しかし思い返せば、三鷹さんと明日菜さんが結婚したのは、犬の妊娠を三鷹さんが勘違いしたことでした。発覚当初、三鷹さんはやっちまった感満載で、物凄くショックを受けていましたし、読者も「あ~あ、やっちまったなw」と、半分笑いながら読んでいたと思うのですが、あれよあれよという間にこんな泣けるほど良い話になるとは思いもしませんでした。犬の妊娠を勘違いして結婚ですよ?何故これをこんな良い話に着地させることができるのか…。高橋留美子さんの発想力や展開力恐ろしいです…。

 

もし犬の妊娠を勘違いして結婚しました、チャンチャンでは、読者の中では三鷹さんが本当に幸せなのか心に残ることになり、めぞん一刻が完結しても少し心に引っかかる部分ができたと思います。しかし三鷹さんも納得ずくで、完璧に響子さんにケジメを付け、そして幸せになることを明確に予感させる退場のさせ方だったので良かったです。この三鷹さんと明日菜さんの遣り取りは、たった8ページなのですが、この8ページがあるかないかでは雲泥の差です。
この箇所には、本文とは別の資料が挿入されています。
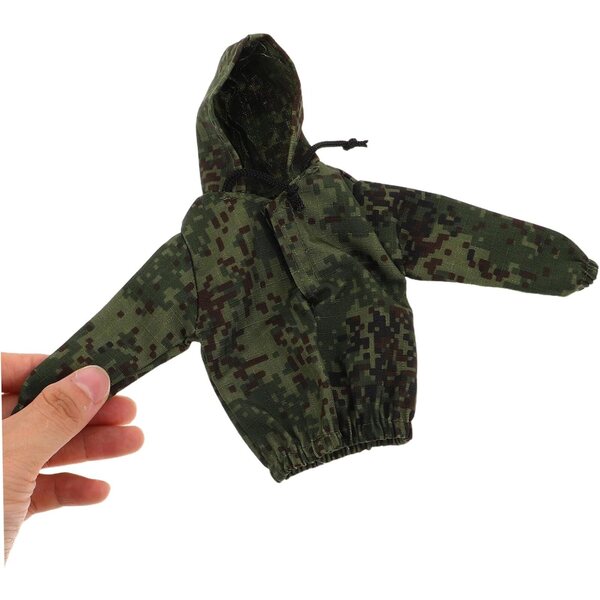 WOONEKY Abito militare mimetico per bambola ragazzo 12 pollici con cappuccio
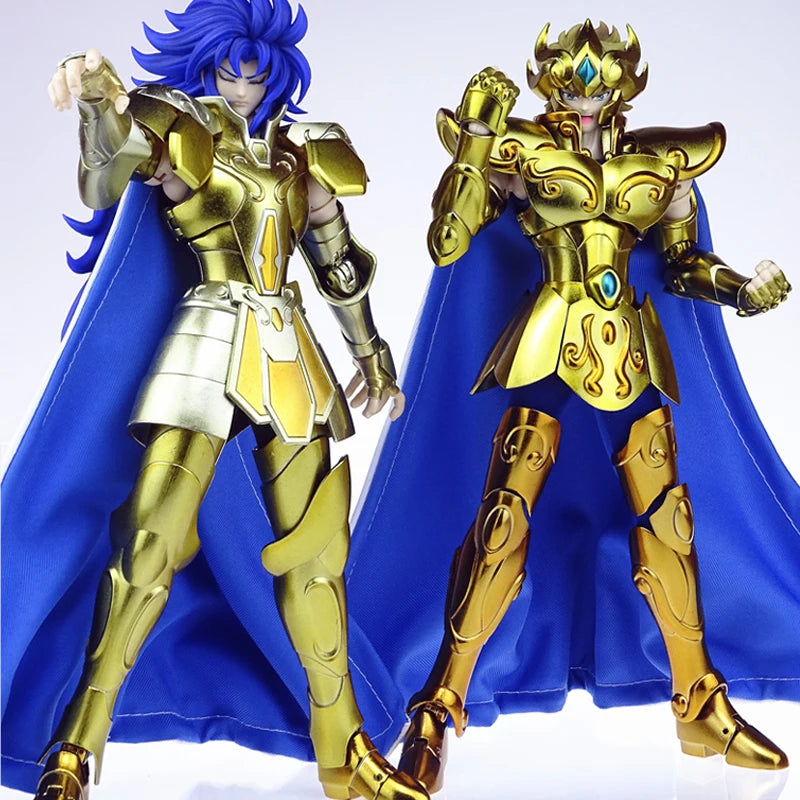 MST Saint Seiya Myth Cloth Aquarius Camus Leo Aiolia Capricorn Shura Gemini Saga Kanon Plus 3.0 Gold Knights of Zodiac Figure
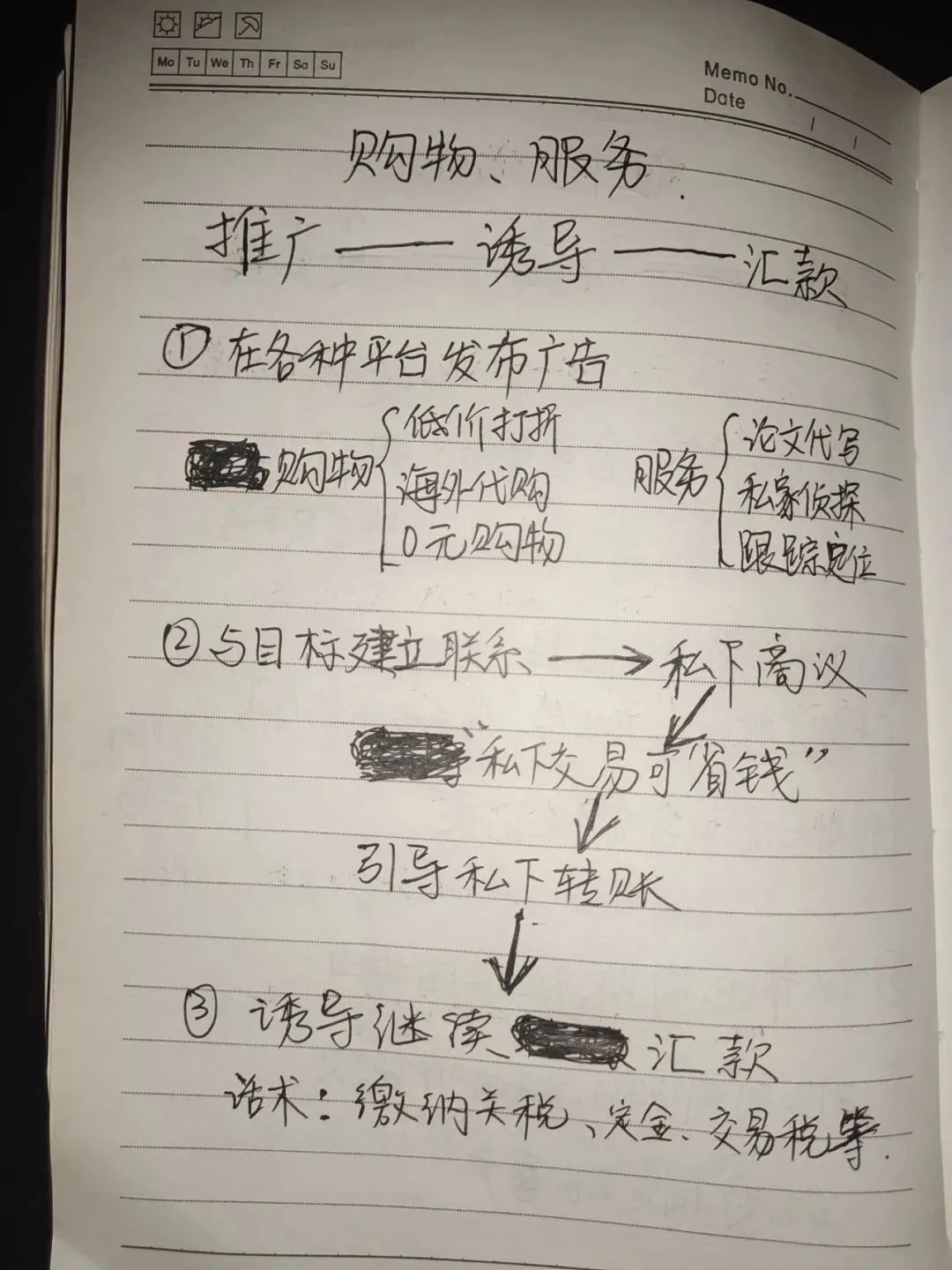 2023.10.19全民反诈｜骗子“笔记”曝光，这些“暗语”你看得懂吗？7.jpg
この8ページに三鷹さんも明日菜さんも、そしてなにより読者も救われました。

 

 

総評

遂に主要登場人物であった三鷹さんが退場してしまいました。三鷹さん退場はかなり衝撃でした。勿論いつかは来ることはわかっていましたし、退場しなければならなのですが、前述もしたように、三角関係の一角であった三鷹さんの退場は確実にゴール(完結)が見えたことを意味しており、「遂に終わりがもうすぐ来てしまう…」との思いでショックでした。永遠に続くわけがない、そんなことはわかっているんですけどね…。

 

そして五代君のライバル三鷹さんが退場したとなれば次はそう、響子さんのライバル(?)こずえちゃんの退場に話が移ります。めぞん一刻はこうやって主要登場人物皆に退場シーン、言ってみればそれぞれの最終回が描かれているのも素晴らしいことのひとつです。